Berbagai elemen masyarakat, termasuk legislator, organisasi non-pemerintah, dan kelompok advokasi perempuan, menyuarakan penolakan terhadap revisi Undang-Undang TNI, Polri, dan Kejaksaan. Revisi regulasi tersebut dipandang mengandung ketentuan yang memicu perdebatan, seperti perluasan kewenangan institusi militer dan penempatan prajurit aktif di jabatan sipil. Selain itu, usulan perpanjangan usia pensiun dinilai tidak selaras dengan banyaknya personel yang saat ini tidak mendapatkan penugasan.

Dinamika legislasi ini semakin mencuat seiring dengan masuknya revisi UU TNI dalam Program Legislasi Nasional Prioritas 2025, sementara proses serupa untuk UU Polri masih menunggu pengajuan resmi dari pemerintah. Kekhawatiran muncul bahwa ketentuan baru berpotensi menghidupkan kembali praktik dwifungsi militer, mengaburkan batas antara otoritas sipil dan militer, serta mempersempit ruang demokrasi. Kritik ini diperkuat dengan adanya seruan dari berbagai lembaga yang menyoroti kemungkinan pelemahan kontrol terhadap institusi penegak hukum.

Gelombang penolakan semakin meluas dengan adanya intervensi dari berbagai organisasi masyarakat sipil yang menilai revisi ini dapat membuka celah bagi pendekatan represif terhadap hak-hak warga.
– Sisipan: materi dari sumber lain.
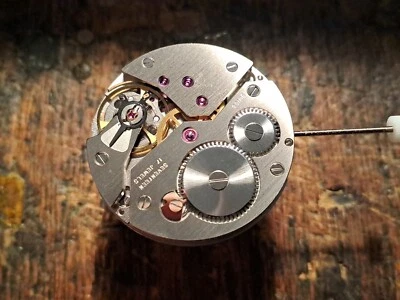 ETA 6498-2 EXCELENTE níquel segundero pequeño a 6 swiss made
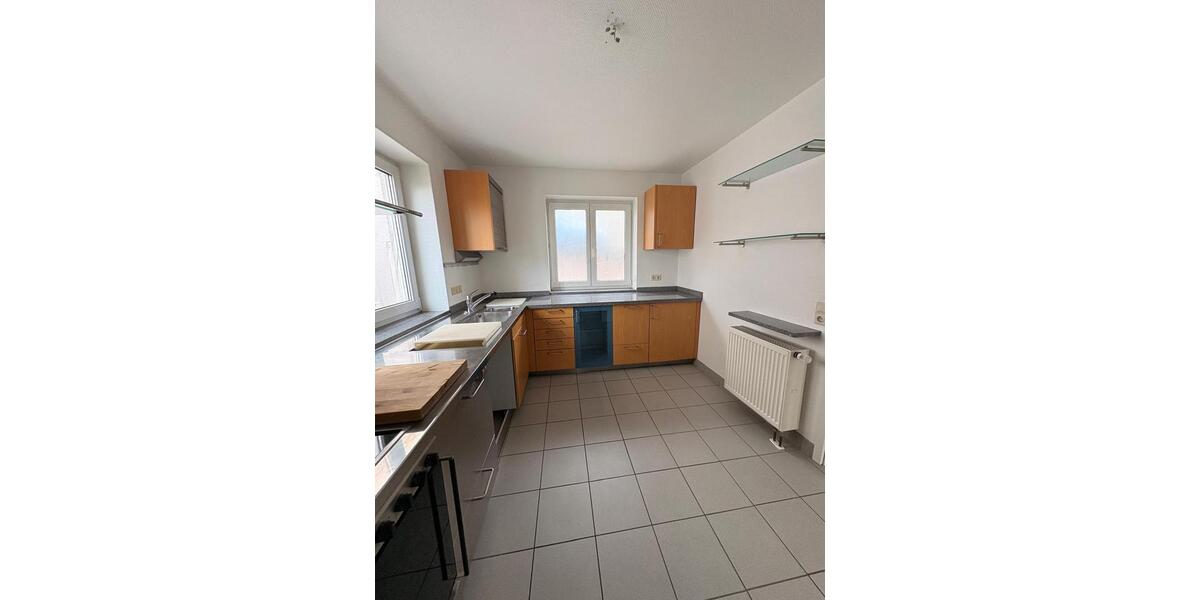 Maisonettenwohnung Würzburg Dürrbachau - 4 Zimmer, 134 m&sup2;, 1.650&euro; | Angebot:26256521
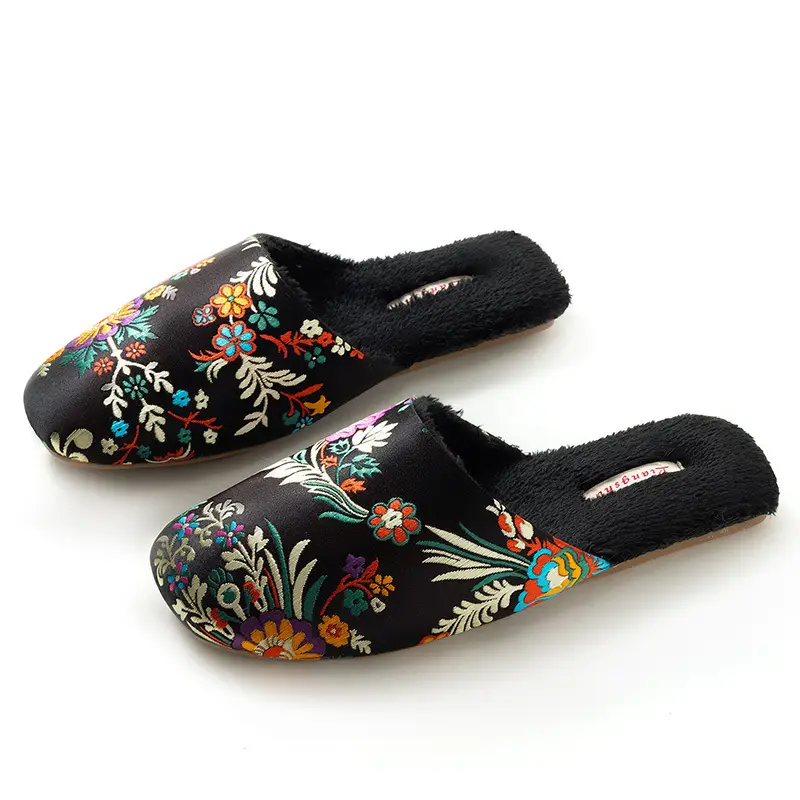 Women's Embroidered Floral Ox-Tendon Sole Plush Slippers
Koalisi Perempuan Indonesia dan sejumlah lembaga advokasi menegaskan bahwa perubahan regulasi tersebut dapat memperbesar potensi penyalahgunaan kewenangan dan memunculkan kebijakan yang cenderung membatasi kebebasan sipil. Polemik ini menandakan perlunya kajian mendalam sebelum kebijakan baru disahkan, guna memastikan keseimbangan antara kebutuhan reformasi kelembagaan dan prinsip demokrasi.